A tale interpretazione della crisi si era opposto J.M.Keynes che invece
imputava la crisi a ragioni diametralmente opposte, ovvero il livello troppo
basso dei salari, che, impedendo un adeguato livello di consumo, impediva
che la domanda aggregata fosse tale da consentire la vendita dei prodotti
delle imprese e favorire la realizzazione di profitti. Il consumo, infatti,
secondo Keynes, rappresentava (e rappresenta tuttora) la componente
principale della domanda: inoltre i salari sono la fonte di reddito per la
maggior parte delle famiglie meno ricche, che hanno perciò una propensione
marginale al consumo più elevato (ovvero spendono quasi tutto il reddito
percepito in misura relativamente superiore alle famiglie più ricche1). Ne
consegue, secondo Keynes, che un aumento dei salari ha un effetto
moltiplicatore della domanda molto più elevato e ciò favorisce, appunto, la
vendita dei prodotti ed evita situazione di sovrapproduzione. Inoltre, nel
caso di una domanda insufficiente, è sempre possibile un intervento della
domanda pubblica, in grado di aumentare l’occupazione.
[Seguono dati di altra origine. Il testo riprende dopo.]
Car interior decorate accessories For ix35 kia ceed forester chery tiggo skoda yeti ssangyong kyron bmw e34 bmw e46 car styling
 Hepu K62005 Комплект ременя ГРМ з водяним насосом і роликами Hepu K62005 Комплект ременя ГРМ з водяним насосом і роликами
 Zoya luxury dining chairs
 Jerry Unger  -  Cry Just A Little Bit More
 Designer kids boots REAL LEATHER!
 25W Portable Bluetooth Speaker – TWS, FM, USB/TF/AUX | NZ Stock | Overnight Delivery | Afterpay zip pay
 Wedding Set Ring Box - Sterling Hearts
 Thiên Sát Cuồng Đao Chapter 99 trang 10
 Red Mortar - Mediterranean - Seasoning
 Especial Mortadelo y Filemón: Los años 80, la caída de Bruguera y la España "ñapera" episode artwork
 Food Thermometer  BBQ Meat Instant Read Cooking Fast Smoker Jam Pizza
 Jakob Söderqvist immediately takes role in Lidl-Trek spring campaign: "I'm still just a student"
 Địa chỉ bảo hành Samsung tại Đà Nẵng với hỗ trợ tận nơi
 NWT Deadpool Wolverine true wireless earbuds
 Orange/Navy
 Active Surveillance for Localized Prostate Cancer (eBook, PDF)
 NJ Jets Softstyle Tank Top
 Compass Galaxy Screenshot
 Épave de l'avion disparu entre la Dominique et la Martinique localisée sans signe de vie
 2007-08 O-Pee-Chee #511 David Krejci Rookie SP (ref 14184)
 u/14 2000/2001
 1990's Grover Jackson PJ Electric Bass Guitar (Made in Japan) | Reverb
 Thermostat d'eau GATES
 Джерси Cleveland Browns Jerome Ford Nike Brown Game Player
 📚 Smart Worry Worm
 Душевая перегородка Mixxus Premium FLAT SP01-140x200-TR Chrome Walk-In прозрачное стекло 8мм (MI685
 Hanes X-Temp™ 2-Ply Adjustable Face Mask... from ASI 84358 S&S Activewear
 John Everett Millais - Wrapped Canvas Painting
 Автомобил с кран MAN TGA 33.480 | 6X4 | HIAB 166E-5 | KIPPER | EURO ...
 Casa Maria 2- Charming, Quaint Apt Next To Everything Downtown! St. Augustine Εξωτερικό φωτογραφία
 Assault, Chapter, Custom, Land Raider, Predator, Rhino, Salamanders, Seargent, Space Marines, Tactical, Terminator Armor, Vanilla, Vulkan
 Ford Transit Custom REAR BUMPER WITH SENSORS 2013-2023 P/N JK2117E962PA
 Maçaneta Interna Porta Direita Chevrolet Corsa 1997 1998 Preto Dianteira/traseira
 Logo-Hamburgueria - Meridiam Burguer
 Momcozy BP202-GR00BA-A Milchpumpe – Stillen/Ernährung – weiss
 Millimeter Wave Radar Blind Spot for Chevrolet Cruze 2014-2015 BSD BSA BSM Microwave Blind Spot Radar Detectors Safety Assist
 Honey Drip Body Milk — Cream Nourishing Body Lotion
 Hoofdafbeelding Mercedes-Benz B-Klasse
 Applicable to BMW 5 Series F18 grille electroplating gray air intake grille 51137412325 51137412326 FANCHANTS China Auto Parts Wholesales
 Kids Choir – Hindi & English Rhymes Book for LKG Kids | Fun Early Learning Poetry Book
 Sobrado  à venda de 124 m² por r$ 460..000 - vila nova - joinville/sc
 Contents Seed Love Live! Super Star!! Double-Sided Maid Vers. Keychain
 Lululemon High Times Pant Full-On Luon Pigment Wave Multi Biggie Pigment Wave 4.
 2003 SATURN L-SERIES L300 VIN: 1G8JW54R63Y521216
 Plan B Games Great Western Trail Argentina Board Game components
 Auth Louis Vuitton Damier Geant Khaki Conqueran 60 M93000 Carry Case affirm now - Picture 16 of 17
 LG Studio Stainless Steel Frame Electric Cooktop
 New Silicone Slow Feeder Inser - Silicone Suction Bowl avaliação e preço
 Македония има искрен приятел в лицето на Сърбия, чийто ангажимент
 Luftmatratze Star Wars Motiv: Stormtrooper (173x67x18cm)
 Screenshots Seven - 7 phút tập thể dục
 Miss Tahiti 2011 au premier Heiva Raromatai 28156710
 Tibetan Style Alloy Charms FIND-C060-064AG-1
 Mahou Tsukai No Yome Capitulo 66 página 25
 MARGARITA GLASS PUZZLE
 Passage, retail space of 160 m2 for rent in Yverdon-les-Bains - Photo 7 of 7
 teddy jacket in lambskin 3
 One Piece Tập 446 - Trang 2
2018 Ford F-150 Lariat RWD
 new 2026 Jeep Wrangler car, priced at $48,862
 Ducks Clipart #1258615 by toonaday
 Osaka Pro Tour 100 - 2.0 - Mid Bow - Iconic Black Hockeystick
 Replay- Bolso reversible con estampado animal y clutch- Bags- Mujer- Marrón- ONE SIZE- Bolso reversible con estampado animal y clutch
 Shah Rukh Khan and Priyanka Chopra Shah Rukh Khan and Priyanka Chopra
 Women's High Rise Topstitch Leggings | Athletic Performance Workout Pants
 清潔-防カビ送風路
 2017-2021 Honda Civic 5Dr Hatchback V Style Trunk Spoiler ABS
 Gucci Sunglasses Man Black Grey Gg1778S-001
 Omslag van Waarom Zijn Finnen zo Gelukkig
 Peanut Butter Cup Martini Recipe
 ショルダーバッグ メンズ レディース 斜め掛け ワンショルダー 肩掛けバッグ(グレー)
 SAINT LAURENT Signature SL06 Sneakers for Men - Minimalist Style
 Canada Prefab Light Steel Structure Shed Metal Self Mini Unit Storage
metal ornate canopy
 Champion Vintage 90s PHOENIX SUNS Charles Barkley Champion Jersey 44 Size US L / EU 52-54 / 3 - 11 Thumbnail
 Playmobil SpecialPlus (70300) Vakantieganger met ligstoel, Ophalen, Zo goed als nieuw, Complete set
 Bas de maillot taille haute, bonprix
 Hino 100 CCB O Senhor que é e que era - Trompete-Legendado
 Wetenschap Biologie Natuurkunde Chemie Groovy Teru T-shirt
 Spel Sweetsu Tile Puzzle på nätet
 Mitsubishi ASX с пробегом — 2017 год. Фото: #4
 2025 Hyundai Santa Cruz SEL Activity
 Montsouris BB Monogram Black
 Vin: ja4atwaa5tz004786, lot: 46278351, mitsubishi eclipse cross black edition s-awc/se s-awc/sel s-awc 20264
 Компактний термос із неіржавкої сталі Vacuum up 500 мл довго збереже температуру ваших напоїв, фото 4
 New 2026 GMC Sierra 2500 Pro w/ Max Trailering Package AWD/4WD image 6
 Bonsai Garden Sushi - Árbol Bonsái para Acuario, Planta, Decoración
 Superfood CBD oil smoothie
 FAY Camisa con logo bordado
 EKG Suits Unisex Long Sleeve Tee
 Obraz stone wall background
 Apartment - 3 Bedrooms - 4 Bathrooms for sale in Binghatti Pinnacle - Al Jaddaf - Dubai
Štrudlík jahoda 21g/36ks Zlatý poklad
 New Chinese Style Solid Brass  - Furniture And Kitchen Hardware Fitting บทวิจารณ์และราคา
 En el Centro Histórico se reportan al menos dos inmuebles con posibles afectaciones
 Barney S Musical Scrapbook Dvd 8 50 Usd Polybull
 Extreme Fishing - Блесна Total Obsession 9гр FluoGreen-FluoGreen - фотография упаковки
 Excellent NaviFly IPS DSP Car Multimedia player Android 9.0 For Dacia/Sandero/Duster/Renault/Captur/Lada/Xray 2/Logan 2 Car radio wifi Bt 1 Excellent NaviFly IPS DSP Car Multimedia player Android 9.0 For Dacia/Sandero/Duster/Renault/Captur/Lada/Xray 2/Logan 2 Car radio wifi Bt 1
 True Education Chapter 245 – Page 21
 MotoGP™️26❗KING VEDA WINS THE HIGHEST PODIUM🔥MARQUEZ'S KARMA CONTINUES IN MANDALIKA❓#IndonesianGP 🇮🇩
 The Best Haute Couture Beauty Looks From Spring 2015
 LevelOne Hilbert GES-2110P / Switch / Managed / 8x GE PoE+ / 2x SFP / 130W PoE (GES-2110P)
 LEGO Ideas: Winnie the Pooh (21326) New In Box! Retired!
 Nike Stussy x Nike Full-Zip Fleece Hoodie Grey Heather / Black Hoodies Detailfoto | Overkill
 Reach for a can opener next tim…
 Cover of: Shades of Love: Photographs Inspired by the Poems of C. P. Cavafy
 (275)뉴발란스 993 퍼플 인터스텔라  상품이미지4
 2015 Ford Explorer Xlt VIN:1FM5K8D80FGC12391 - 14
L’interpretazione della crisi degli anni ’30 fornita da Keynes si è poi rivelata
corretta. E’ infatti con il New Deal di Roosevelt e il programma di opere
pubbliche (pensiamo ad esempio al Golden Gate Bridge sulla baia di San
Francisco) che gli Stati Uniti cominciano a uscire dalla depressione. Sarà
poi la II guerra Mondiale a stimolare ulteriormente la domanda pubblica e la
domanda aggregata e a imbastire le politiche pubbliche europee a sostegno
del welfare come motore della crescita occupazionale e del Pil.
La crisi degli anni Settanta ha invece origine assai diverse e una differente
natura. Se la crisi degli anni ’30 poteva essere considerata una crisi di
crescita del nuovo modello di accumulazione che oggi chiamiamo Fordista
che si fondava sull’automazione di fabbrica, la standardizzazione della
produzione e il consumo di massa, la crisi degli anni Settanta può essere
letta come la crisi del paradigma fordista. E quindi crisi di saturazione e
non crisi di crescita.
1
Ciò non significa, ovviamente, che le famigliepiù povere consumano in termini assoluti
più delle famiglie ricche ma solo che risparmiano di meno.